## HOW TO COMPLETE THIS TASK
In the entries below, which lines run from the one containing "Seniors Zoi Bourazani, Roshali" to the one containing "Gold and silver cross pendant on white."? Copy exactly those lines, ends included, and no others.

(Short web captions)

.....

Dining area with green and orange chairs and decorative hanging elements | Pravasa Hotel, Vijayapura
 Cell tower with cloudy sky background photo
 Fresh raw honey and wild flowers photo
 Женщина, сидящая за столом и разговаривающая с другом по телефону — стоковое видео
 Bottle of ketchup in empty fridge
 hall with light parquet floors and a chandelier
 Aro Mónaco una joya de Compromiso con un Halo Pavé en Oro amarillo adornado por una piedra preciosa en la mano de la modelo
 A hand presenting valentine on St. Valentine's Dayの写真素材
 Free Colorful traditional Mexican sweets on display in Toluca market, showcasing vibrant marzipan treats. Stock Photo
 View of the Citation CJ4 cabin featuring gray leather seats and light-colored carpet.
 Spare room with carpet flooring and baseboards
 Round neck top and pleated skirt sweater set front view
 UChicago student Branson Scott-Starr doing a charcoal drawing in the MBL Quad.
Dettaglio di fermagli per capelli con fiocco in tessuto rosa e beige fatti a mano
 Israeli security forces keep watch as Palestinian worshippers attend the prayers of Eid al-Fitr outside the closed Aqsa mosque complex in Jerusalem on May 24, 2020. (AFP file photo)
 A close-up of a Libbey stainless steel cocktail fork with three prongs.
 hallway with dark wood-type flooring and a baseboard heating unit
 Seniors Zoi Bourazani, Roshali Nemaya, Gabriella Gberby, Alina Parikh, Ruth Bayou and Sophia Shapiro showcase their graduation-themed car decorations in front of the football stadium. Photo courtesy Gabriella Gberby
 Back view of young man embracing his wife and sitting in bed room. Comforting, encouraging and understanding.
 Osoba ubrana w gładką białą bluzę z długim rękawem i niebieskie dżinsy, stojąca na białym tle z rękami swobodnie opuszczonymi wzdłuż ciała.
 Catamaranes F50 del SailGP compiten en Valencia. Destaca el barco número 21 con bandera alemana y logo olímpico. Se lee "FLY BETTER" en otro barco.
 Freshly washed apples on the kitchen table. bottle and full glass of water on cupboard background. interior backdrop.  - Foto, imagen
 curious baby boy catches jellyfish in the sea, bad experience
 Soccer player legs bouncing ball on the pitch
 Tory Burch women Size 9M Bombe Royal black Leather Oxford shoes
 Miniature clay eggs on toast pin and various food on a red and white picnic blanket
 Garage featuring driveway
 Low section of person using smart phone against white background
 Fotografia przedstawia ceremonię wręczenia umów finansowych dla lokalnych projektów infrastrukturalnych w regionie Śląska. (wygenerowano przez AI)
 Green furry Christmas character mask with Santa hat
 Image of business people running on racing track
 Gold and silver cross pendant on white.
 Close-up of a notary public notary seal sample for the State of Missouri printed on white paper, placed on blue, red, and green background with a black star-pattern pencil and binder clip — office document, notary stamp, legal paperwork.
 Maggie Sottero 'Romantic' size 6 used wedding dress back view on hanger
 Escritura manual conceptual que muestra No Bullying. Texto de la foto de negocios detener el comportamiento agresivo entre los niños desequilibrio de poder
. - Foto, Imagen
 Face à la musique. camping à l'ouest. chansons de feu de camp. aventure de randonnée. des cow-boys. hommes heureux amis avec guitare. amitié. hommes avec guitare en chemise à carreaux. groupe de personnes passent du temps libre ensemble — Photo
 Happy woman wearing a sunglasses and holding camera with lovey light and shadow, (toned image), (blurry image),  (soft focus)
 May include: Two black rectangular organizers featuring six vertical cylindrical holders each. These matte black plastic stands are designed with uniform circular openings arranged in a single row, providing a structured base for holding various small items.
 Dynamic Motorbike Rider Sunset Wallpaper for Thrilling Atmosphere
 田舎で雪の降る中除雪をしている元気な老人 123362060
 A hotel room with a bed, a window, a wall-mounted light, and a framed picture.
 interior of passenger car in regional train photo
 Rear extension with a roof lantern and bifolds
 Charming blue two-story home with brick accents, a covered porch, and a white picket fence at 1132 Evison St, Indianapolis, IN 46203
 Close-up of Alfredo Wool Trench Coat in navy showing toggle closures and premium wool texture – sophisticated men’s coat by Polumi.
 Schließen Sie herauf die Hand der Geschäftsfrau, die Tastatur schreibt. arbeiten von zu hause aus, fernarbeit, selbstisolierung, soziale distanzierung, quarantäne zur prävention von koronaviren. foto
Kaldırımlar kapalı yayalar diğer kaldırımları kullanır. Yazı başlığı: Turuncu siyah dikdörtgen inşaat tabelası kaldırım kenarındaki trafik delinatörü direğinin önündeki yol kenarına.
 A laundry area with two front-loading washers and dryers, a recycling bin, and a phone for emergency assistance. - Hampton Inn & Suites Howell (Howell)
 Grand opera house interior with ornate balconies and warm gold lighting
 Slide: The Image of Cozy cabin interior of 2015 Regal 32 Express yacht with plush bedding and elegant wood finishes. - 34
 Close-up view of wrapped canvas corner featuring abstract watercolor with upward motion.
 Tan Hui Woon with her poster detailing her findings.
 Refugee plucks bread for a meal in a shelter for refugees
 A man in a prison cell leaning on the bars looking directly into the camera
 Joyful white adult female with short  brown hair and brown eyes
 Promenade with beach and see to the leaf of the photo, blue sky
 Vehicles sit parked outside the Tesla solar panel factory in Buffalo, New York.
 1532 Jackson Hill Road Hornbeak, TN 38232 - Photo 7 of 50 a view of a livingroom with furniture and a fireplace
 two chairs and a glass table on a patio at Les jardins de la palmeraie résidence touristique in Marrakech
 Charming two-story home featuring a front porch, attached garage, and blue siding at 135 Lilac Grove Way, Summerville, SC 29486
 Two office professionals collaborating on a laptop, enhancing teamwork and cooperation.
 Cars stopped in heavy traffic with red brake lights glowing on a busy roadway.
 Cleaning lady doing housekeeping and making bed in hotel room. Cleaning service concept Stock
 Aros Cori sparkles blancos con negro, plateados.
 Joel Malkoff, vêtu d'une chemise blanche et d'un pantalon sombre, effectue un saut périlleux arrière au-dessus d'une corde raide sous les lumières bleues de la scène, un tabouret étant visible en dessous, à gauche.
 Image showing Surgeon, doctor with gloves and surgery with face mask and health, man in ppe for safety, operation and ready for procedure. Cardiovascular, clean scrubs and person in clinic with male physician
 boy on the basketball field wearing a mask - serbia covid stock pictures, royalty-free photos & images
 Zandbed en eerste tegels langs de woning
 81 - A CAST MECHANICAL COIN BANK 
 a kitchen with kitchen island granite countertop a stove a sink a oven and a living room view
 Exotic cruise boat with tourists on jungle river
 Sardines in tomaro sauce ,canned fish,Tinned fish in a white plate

.....

## SOLUTION FOR THIS PROBLEM
 Seniors Zoi Bourazani, Roshali Nemaya, Gabriella Gberby, Alina Parikh, Ruth Bayou and Sophia Shapiro showcase their graduation-themed car decorations in front of the football stadium. Photo courtesy Gabriella Gberby
 Back view of young man embracing his wife and sitting in bed room. Comforting, encouraging and understanding.
 Osoba ubrana w gładką białą bluzę z długim rękawem i niebieskie dżinsy, stojąca na białym tle z rękami swobodnie opuszczonymi wzdłuż ciała.
 Catamaranes F50 del SailGP compiten en Valencia. Destaca el barco número 21 con bandera alemana y logo olímpico. Se lee "FLY BETTER" en otro barco.
 Freshly washed apples on the kitchen table. bottle and full glass of water on cupboard background. interior backdrop.  - Foto, imagen
 curious baby boy catches jellyfish in the sea, bad experience
 Soccer player legs bouncing ball on the pitch
 Tory Burch women Size 9M Bombe Royal black Leather Oxford shoes
 Miniature clay eggs on toast pin and various food on a red and white picnic blanket
 Garage featuring driveway
 Low section of person using smart phone against white background
 Fotografia przedstawia ceremonię wręczenia umów finansowych dla lokalnych projektów infrastrukturalnych w regionie Śląska. (wygenerowano przez AI)
 Green furry Christmas character mask with Santa hat
 Image of business people running on racing track
 Gold and silver cross pendant on white.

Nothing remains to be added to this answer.